# wax v sealant test including zymol vintage and zaino



## sean20 (Jan 17, 2011)

i thought i would do abit of a test between a few of my lsps and as lately my collection of lsps has been growing rapidly its been getting harder for me to decide on what lsp i should use on my car and others cars. I also mentioned about doing a comparison betwean zymol vintage and glasur a few months back on hear when i was making my minde up on what one to go for.

this is the car that the test will be carried out on 









im hoping to use this car for shows this year and as im getting a van the car will be parked on the drive most of the time so il need it well protected.

on with the test, the contenders are

Zymol vintage
Zymol glasur 
zaino Z2 Z6 Z8
chemicalguys blacklight + V7

the test will take part on the bonnet

the car has been washed using 2BM with dodo BTBM and dryed with woolymamoth
please note that the bonnet dose need polishing as thers a few light marks and stone chips 









bonnet was clayed with zaino clay and megs last touch









clay after the bonnet 









hardly any contamination which i was very happy with as the car last got clayed back in august and has been used daily since

bonnet taped up 









i then chose to use a paint cleanser from the same manufacturer as of the wax/sealant in the rite areas 
so to start 








zymol hd cleanse on a zymol applicator was applied to the top left and rite hand side of the bonnet

next was chemical guys vertia bond 








this was applied to the bottom rite hand corner

then zaino Z-AIO








this was applied to the bottom left corner

i also used a new microfibre on every section throughout the test

applying the lsp

first up was glasur 
































i used a zymol foam applicator to apply. this wax went on very easy and spread well. also smelt nice 

next was chemical guys 








applied using a foam applicator. one pie size blob spread well and easy and didnt take long to cure

zaino 








zaino Z2 applied with a megs microfibre applicator. again one pie sized blob. spread well but not as easy as blacklight but this mite be down to the diferent applicators . smelt grate aswel

Zymol Vintage 









i chose to apply this with a zymol sponge applicator as it was only a small section i didnt see the need to apply by bare hands
this wax was a dream to use application was very easy and very little gose a long way and it seamed to just glide over the paint with ease 
you can just make out the wax curing hear









i left all the products to cure as manufacturers instructions and all received two applications

Zaino then received a Z6 wipedown followed by Z8 a hour later 
chemical guys received 2 applications of V7 a hour later

here are the products used on the selected areas of the bonnet 









hears a few finished 
















cant see a great deal in the cloudy conditions but il take more photos when the sun is out

now for the beading and water behaviour 
il let the photos do the talking


































vintage beading









glasur beading 









i was very imprest to see the difference between the waxs and sealants as you can clearly see and i think from doing this the decision of what i go with for the summer has just got harder but only time will tell as i monitor these as the weeks go on

i will keep this thread updated weekly and after every wash and when it rains for the next few months to see what one comes out on top

hopefully i can get some better photos aswel

thanks for viewing and all comments and feedback welcome


----------



## Derekh929 (Aug 28, 2011)

Good work great review well done


----------



## -Kev- (Oct 30, 2007)

interesting test, i take you won't be using any sort of 'top up' QD so as to see how long the sealant / wax actually lasts?..


----------



## james_death (Aug 9, 2010)

The More tests the Merrier... Nice One...:thumb:

Wanted to do a Paint Cleaner comparison today but weather as yesterday would not permit...:lol:


----------



## sean20 (Jan 17, 2011)

sorry kev i forgot to add i wount be using no QD on the wax and no more Z8 or V7 on the sealants as to give it a faire test 

il also be using a wax free shampoo for all the washes


----------



## stangalang (Nov 27, 2009)

The only surprise for me here is how much of a difference aesthetically there is between the products in some of the shots.

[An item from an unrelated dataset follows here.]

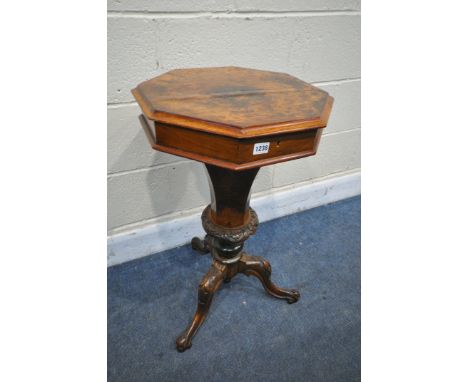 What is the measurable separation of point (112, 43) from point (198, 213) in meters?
0.86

Keep us posted on your findimgs


----------



## R0B (Aug 27, 2010)

stangalang said:


> The only surprise for me here is how much of a difference aesthetically there is between the products in some of the shots. Keep us posted on your findimgs


Agree Matt :thumb:


----------



## Trip tdi (Sep 3, 2008)

Great test there, you have some incredible collection of products used on the bonnet, keeping my eyes peeled on this thread for future updates, thanks for taking the time to do the test.


----------



## Guest (Apr 8, 2012)

great test,look forward to the results


----------



## alcarp (Apr 28, 2010)

Looking forward to the next chapter in this thread, keep up the good work mate


----------



## sean20 (Jan 17, 2011)

thanks for all the replies guys. they have forecast a lot of rain tomorrow so il be out getting some photos for you all. 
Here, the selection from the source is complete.